31 de agosto de 2007

Ruas com Histórias

Na Feira da Ladra descobre-se de tudo. Nem é preciso procurar muito, as coisas saltam-nos à vista. A colecção de bonecas sem braços, os azulejos pombalinos que alguém tirou de um qualquer palácio, os relógios, os vinis, os quadros, os gramofones, a roupa desbotada ou nem por isso, os serviços de loiça, as ferramentas enferrujadas, as partituras rasgadas, os jornais de outras épocas, as gavetas sem móveis, os candeeiros sem luz. Mas na Feira (merece a caixa alta) há sobretudo personagens. Habituados a levantarem-se às cinco da manhã (ou mais cedo ainda), às terças e sábados, os vendedores sabem todos os truques. São deles os melhores lugares nas ruas, garantidos pelos anos; são deles as melhores pechinchas, deles os melhores negócios.Há os mais profissionais, munidos de Multibanco, e há os outros, os que vendem fiado por conhecerem de cor a cara de quem lá passa; os que guardam objectos por terem pensado que um cliente podia deles gostar; os que têm sempre um sorriso. São deles os mais rápidos «Bons dias!». E há os que contam histórias, suas ou dos objectos, inventadas ou reais, não importa. As histórias ouvidas na Feira têm sempre outro sabor, como tem outro sabor o café tomado no mercado, atrás do balcão que não prima pela limpeza. Sabe a Feira. E isso basta.Uma das minhas histórias preferidas é a de um prato. Gostei dele. Azul, com palácios desenhados, dois barquinhos, quatro figuras e no topo dois pássaros entrelaçados como se dessem um beijo. Sacramental pergunta: «Quanto é que me faz por isto?» (Nunca se pode dar a entender que se gostou muito de uma coisa, e dizer «isto» dá sempre um ar displicente.) «Sabe que esse prato conta uma história de amor. Uma princesa apaixonou-se por um pescador, o pai, imperador, não gostou da ideia e enquanto preparavam a fuga mandou matar o pescador. A rapariga soube do sucedido e suicidou-se. Agora são esses dois pássaros do topo. Só no voo podem amar-se». Irresistível! Em minha casa há uma parede para este amor.
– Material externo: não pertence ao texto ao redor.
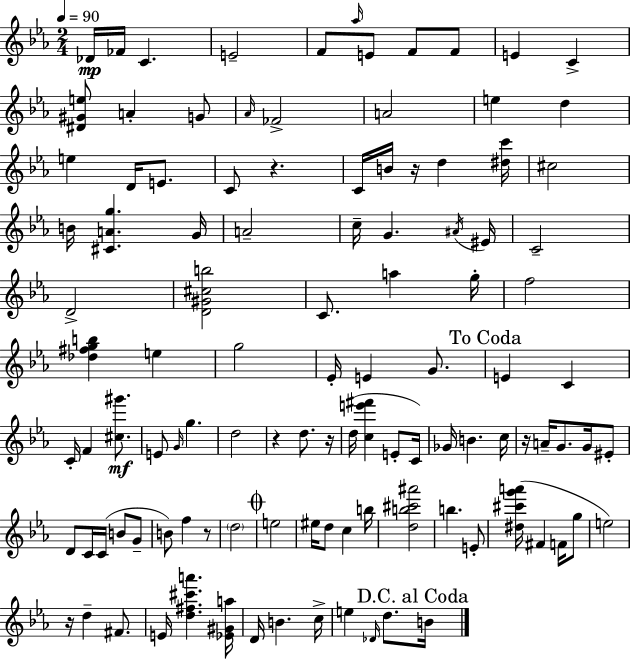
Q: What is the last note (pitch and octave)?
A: B4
Por Francisca Cunha Rêgo, in Jornal de Letras nº 962

3 Comments:

Blogger Afectos usou da palavra

Bons textos.Boa actualidade. Bom conceito. Que deverá sempre ser palpável.

31 agosto, 2007 16:57  
Blogger odeusdamaquina usou da palavra

E aqui eu digo sempre quem são as fontes. Para mim não há plágio! Basta-me o plágio de mim mesmo!

01 setembro, 2007 11:41  
Blogger Afectos usou da palavra

Idem (bom conceito). Só me dera a mim não ser preguiça.